Dr. Ravikumar Gelli’s research on securing critical energy infrastructure and enabling trustworthy infrastructure for clean energy resources has gained national interest as recognized by his National Science Foundation (NSF), Iowa Economic Development Authority (IEDA), and DOE Cybersecurity Energy Security and Emergency Response (CESER) federal and state-funded multi-million dollar research grants ($3.6M+ including state and federal funds and cost-share).
Gelli was promoted to research assistant professor in ECpE in 2020 after his three years of successful Postdoctoral research, where he contributed to 30+ DOE and NSF project proposals. Within two years, Gelli secured multi-million research grants as a Lead PI and established a strong collaboration with national labs, the power industry, power utilities and other universities. He established himself as one of the leading researchers contributing to enhancing resiliency, reliability and cybersecurity for building next-generation trustworthy infrastructure for modern power systems.
Gelli’s research focuses on integrating physics-based grid-aware models, cyber-informed methodologies, and intelligent learning-based (Machine Learning, Deep Learning, and Reinforcement Learning) algorithms to design, develop, and demonstrate defense-in-depth cybersecurity and resiliency for bulk power systems, distribution grids, and distributed energy resources (DERs), such as distributed solar, storage, electric vehicles, and other clean energy technologies. The growing adoption of DERs, including building-integrated photovoltaics (BIPV), utility-scale photovoltaics (UPV), electric vehicle charging stations (EVCS), and other grid-edge clean energy technologies, could pose cybersecurity challenges for future electric power grid operations if cybersecurity is not taken into consideration. Gelli’s team is working towards devising novel systems and tools for building trustworthy (security + resiliency) DER communication infrastructure, proactive defense-in-depth cyber-physical security technologies, including physics-informed and cyber-informed intelligent learning-based methods, and next-generation edge-intelligent devices (EIDs) that brings the power of AI and edge computing at the grid-edge connected devices.

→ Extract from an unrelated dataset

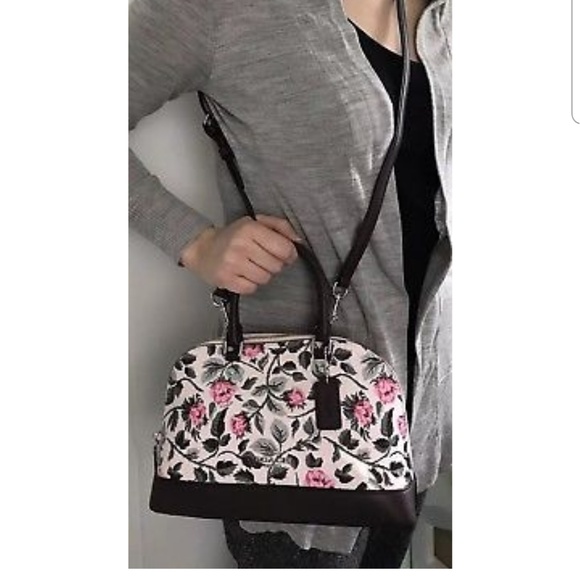 🌸 NWT Coach Satchel w/ matching Wristlet 🌸 - Picture 2 of 7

These next-generation systems and technologies help ensure modern energy delivery systems are designed, installed, operated and maintained to quickly recover from grid disturbances and cyberattacks. Gelli’s research contributions to protecting the security and resiliency of America’s power grid are in synergy with DOE’s goal of providing cleaner and cheaper power to Americans while advancing President Biden’s goal of a 100% clean electrical grid by 2035 and net-zero carbon emissions by 2050. The research output from these projects will be of great significance for enhancing electric grid reliability, resiliency, and security of the U.S. critical energy infrastructure and the interests of the U.S. government.